Aviation Accident Factual Report - National Transportation Safety Board: https://app.ntsb.gov/pdf

http://registry.faa.gov/N1854F

Aviation Accident Factual Report - National Transportation Safety Board 

Location: Anoka, MN
Accident Number: CEN17LA212
Date & Time: 06/02/2017, 1911 CDT
Registration: N1854F
Aircraft: CESSNA 210F
Aircraft Damage: Substantial
Defining Event: Landing gear not configured
Injuries: 1 None
Flight Conducted Under: Part 91: General Aviation - Personal 

On June 2, 2017 about 1911 central daylight time, a Cessna 210F, N1854F, sustained substantial damage during landing at the Anoka County-Blaine Airport (ANE), Anoka, Minnesota. The pilot was not injured. The airplane was owned and operated by the pilot under the provisions of the Title 14 Code of Federal Regulations Part 91 as a personal flight. Visual meteorological conditions prevailed at the time of the flight, which was not operated on a flight plan. The flight was departing at the time of the accident with Park Rapids Municipal Airport (PKD), Park Rapids, Minnesota, as the destination.

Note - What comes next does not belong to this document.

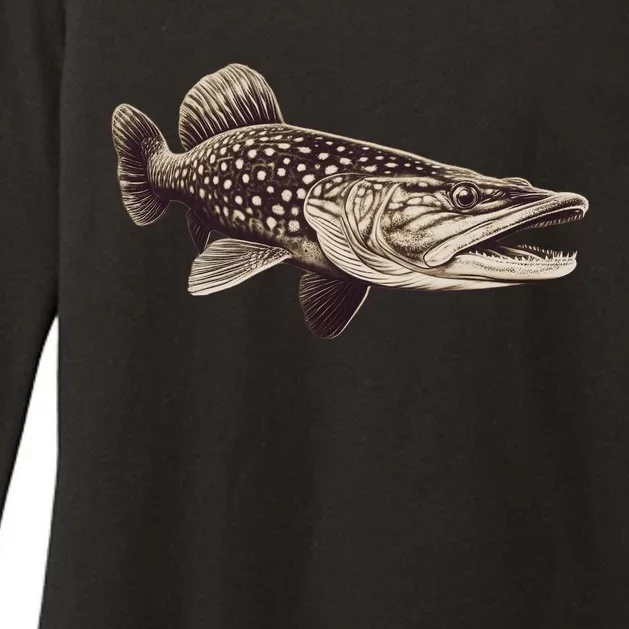 Pike Fish Monchrome Womens CVC Long Sleeve Shirt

The pilot reported that the airplane's landing gear did not fully retract when he raised the gear handle during the takeoff climb. The pilot reported that he attempted to lower the landing gear using emergency procedures without success. He returned to ANE and continued to fly over the airport for about an hour to burn off more fuel, and to continue trying to lower the landing gear using emergency procedures. He stated that he tried manually extending the landing gear with the master switch in the On and OFF position, but without effect. The ANE tower controller confirmed that the main landing gear were in a partially retracted position, and that the nose wheel was in the down position.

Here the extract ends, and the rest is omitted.